In Deutschland ist der Widerstand gegen eine neue Politik gegenüber Syrien groß. Viele EU-Staaten wollen aber genau das. Und ein ausgewiesener Landesexperte betont: Viele Geflohene besuchen das angeblich unsichere Land.
Der frühere deutsche Botschafter in Syrien, Andreas Reinicke, unterstützt den Vorstoß mehrerer EU-Staaten für einen gelockerten Kurs gegenüber dem Regime in Damaskus. “Syrien ist ein wichtiger Staat südlich des Mittelmeerraums, dessen Instabilität den Migrationsdruck auf Europa erhöht”, sagte Reinicke, Direktor des Deutschen Orient-Instituts in Berlin, am Mittwoch der Katholischen Nachrichten-Agentur (KNA). “Europa hat jedes Interesse, über eine Neuorientierung seiner Politik nachzudenken.” Die Bundesregierung sollte daher den – wenn auch schwierigen – Prozess einer Überprüfung der aktuellen Syrien–Politik durch die EU unterstützen und nicht blockieren.

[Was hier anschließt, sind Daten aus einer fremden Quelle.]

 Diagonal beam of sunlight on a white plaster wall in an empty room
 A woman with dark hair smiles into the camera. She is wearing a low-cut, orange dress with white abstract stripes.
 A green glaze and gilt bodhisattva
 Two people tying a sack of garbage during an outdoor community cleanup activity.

Die jetzigen Sanktionen gegen Syrien verschärfen nach Reinickes Worten die schwierige humanitäre Lage im Land, ohne das Regime von Präsident Baschar al-Assad nachhaltig zu schwächen. Zugleich kehrten geflohene Syrer – vor allem aus dem Libanon und Jordanien – tage- und wochenweise zurück in ihre Heimat. “Das deutet darauf hin, dass die Sicherheitslage nach deren eigener Einschätzung zumindest in einigen Gebieten wieder so stabil ist, dass sie eine Rückkehr für möglich halten.”

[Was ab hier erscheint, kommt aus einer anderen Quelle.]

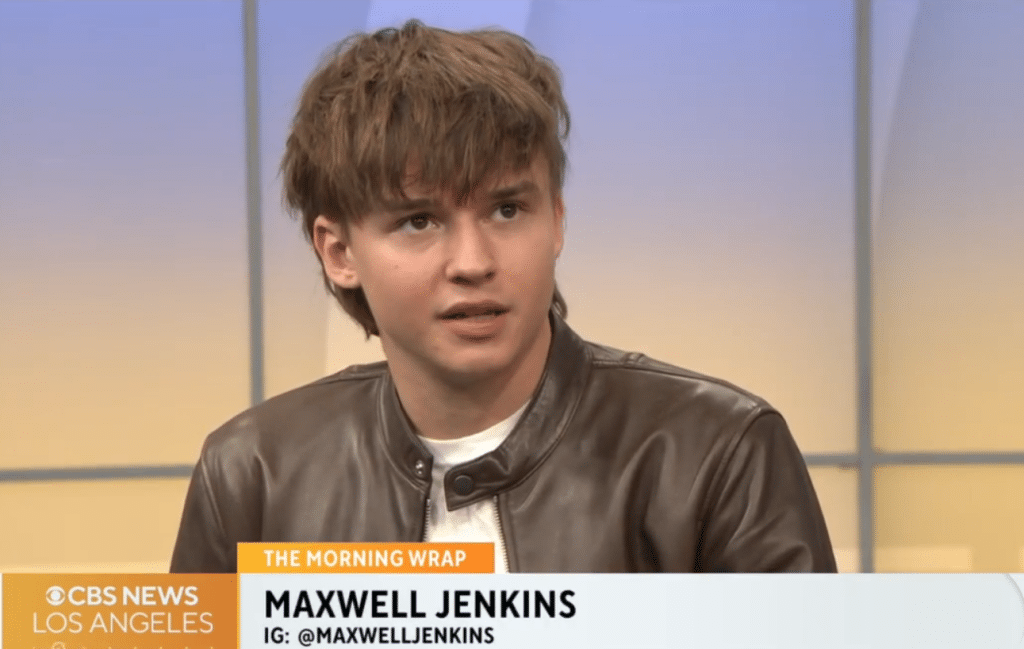 Maxwell Jenkins sits on stage to be interviewed by CBS News Los Angeles about his role in the movie Arcadian.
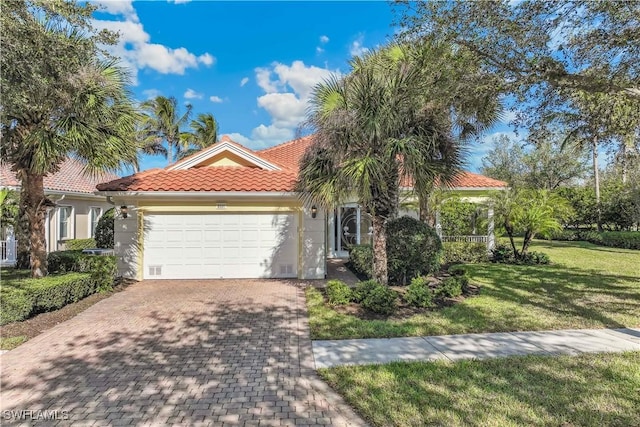 mediterranean / spanish-style house featuring a front lawn and a garage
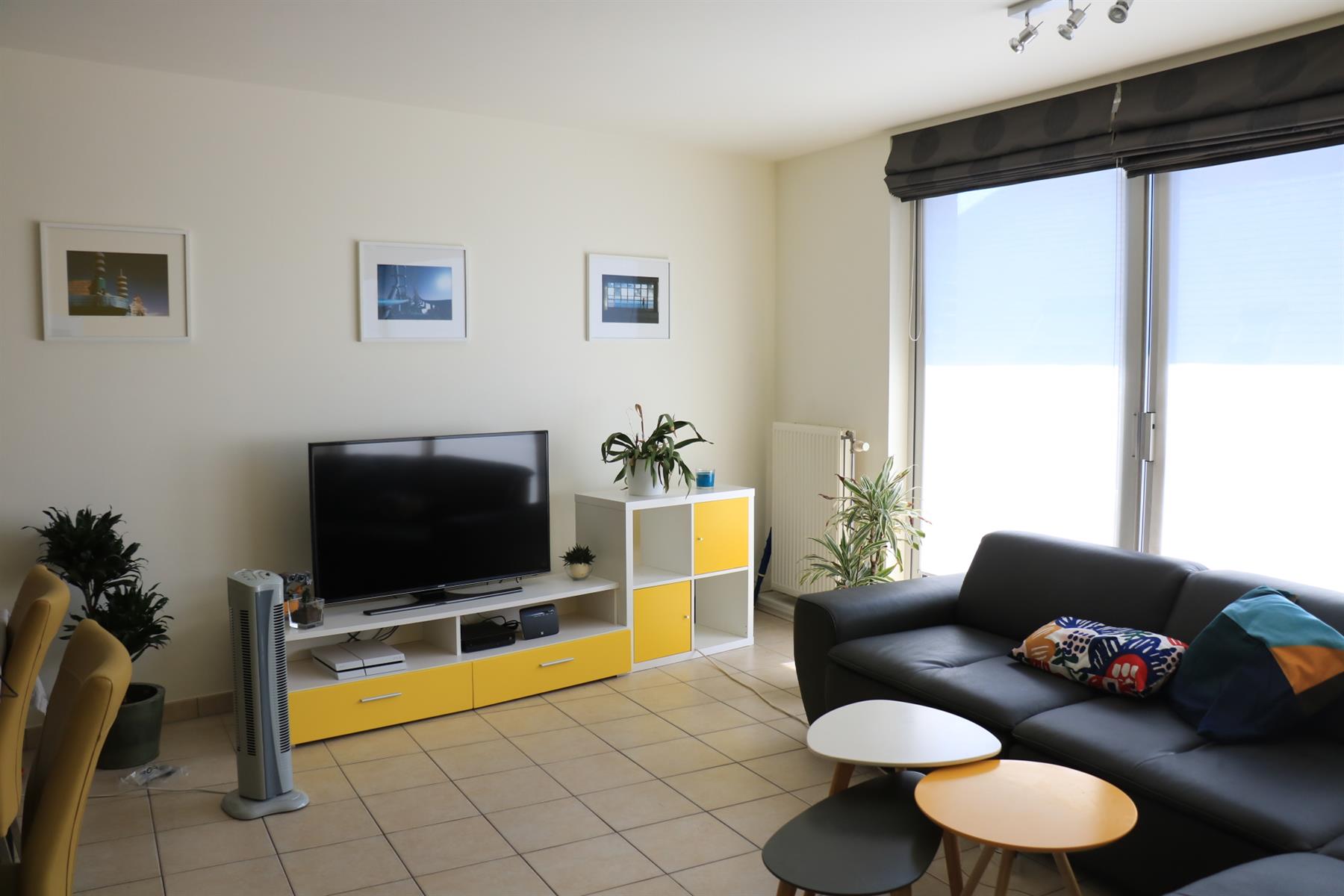 Recent duplexappartement gelegen aan de markt van Lennik. - foto 3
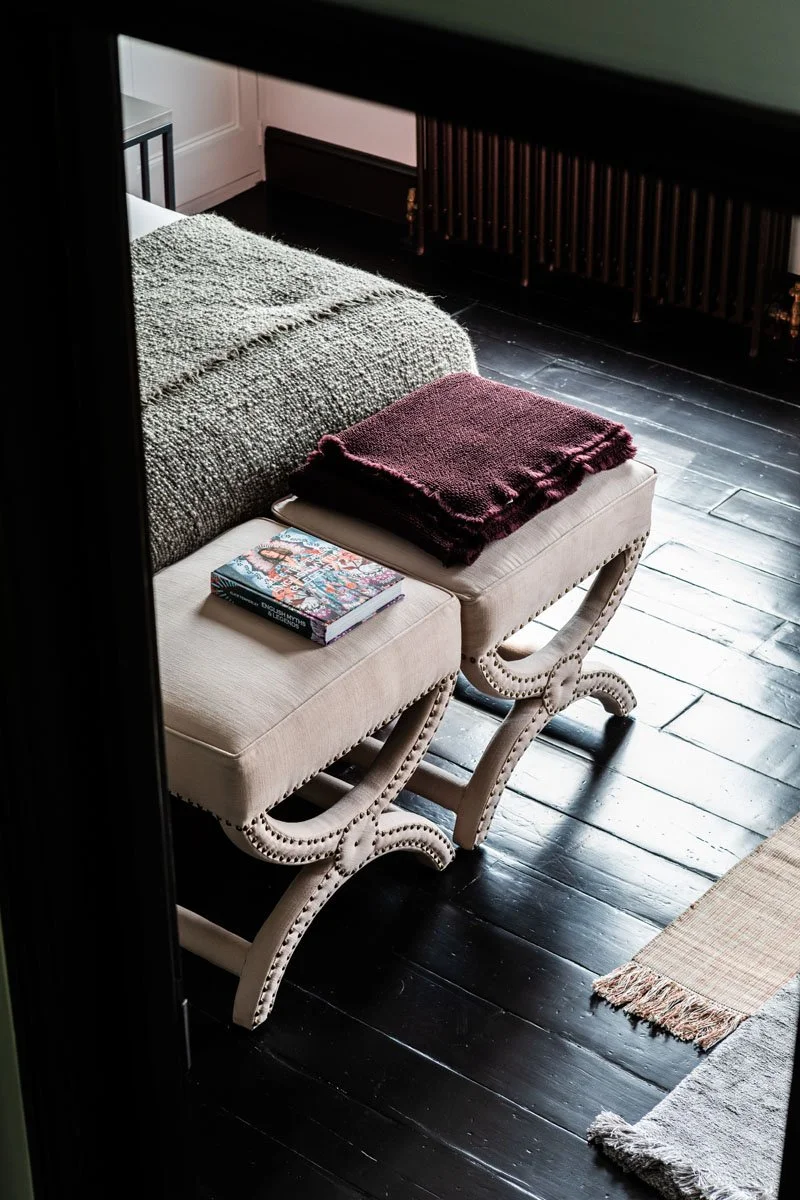 A cozy bedroom corner with a bed, a beige upholstered bench with curved wooden legs, a burgundy throw blanket, a colored book, and a small rug on dark wooden floorboards.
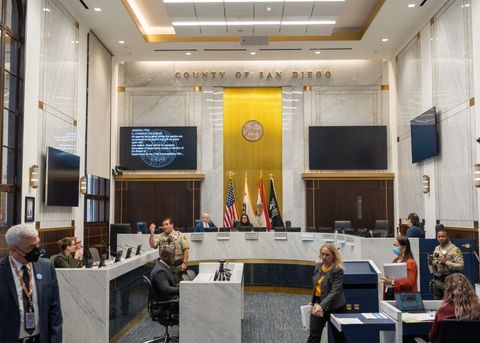 A wide shot of the Board of County Supervisors chamber. On the far wall one can see large monitors, a gold streak up the middle of the wall, flags at the base of the wall, the county seal, and the text "county of san diego" near the ceiling. The Supervisors' seats are emptying in this photo, for a recess. Sheriff's deputies and county workers are moving throughout the frame. It's well lit, and the walls and ceiling are predominantly a white, fine stone.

Die acht EU–Staaten, die nun eine Überprüfung des Syrien-Kurses anregen, vertreten aus Sicht Reinickes eine pragmatische Politik gemäß den Realitäten, insbesondere dem Flüchtlingsdruck. Hinzu komme, dass in Syrien ein Vakuum für andere Akteure entstanden sei, in das nun auch China dränge. Bereits jetzt sei der Einfluss Russlands in Syrien gewachsen. Die von Peking vermittelte jüngste Einigung zwischen den Palästinenserorganisationen Hamas und Fatah zeige, dass China auch in unmittelbarer Nähe Europas eine aktive Rolle spielen wolle. “Dies kann nicht im deutschen und europäischen Interesse sein”, so der Ex-Botschafter.

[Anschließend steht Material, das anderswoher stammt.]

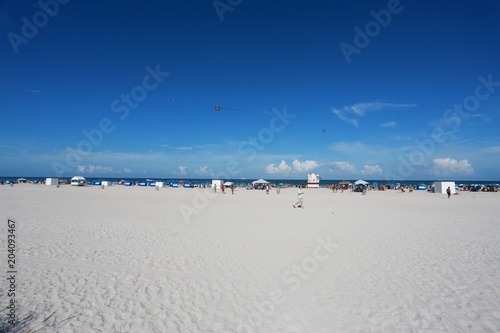 Miami Beach at 8th Street Calle Ocho in a Bright Sunny Afternoon in June with Blue Sky and Scattered Clouds Overhead photo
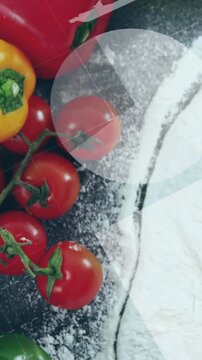 Vertical video: Camera panning down showing produce on flour, % overlays tagging for food testing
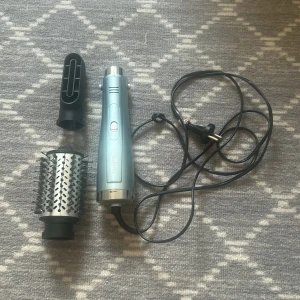 BaByliss blå varmluftsborste - Säljer en blå varmluftsborste från BaByliss med rund metallborste och svart fönmunstycke. Perfekt för att styla och ge volym till håret. Handtaget är ergonomiskt och borsten har svarta piggar för enkel styling. Kommer med två utbytbara tillbehör.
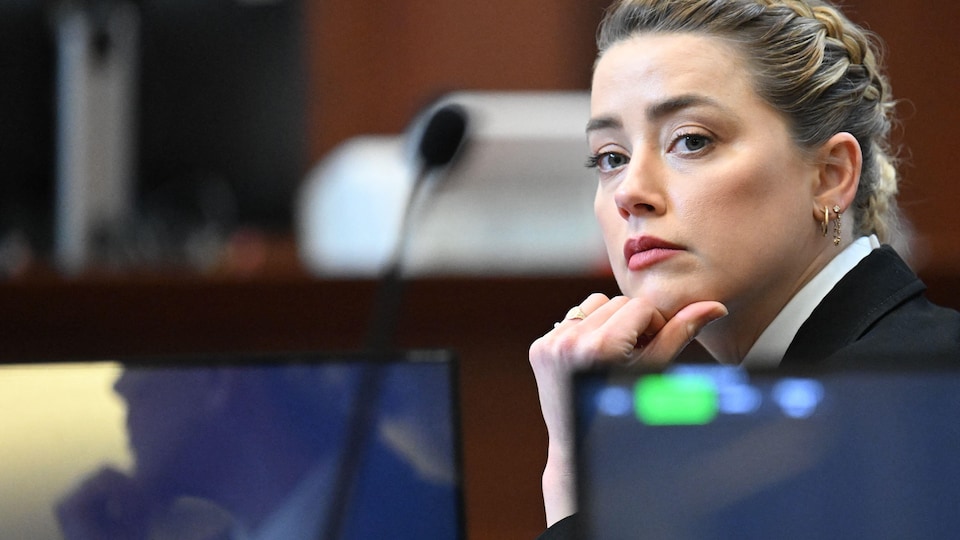 Amber Heard, hand on chin, seated in front of a microphone.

Vor wenigen Tagen hatten die acht EU-Staaten, darunter auch Italien und Österreich, beim EU-Außenministertreffen in Brüssel ein Diskussionspapier vorgelegt, das eine Annäherung der Union an das Assad-Regime fordert. Die Staaten argumentieren darin vor allem mit den belastenden Migrationsströmen und plädieren für die Ernennung eines Syrien-Beauftragten, um die Beziehungen neu auszuloten.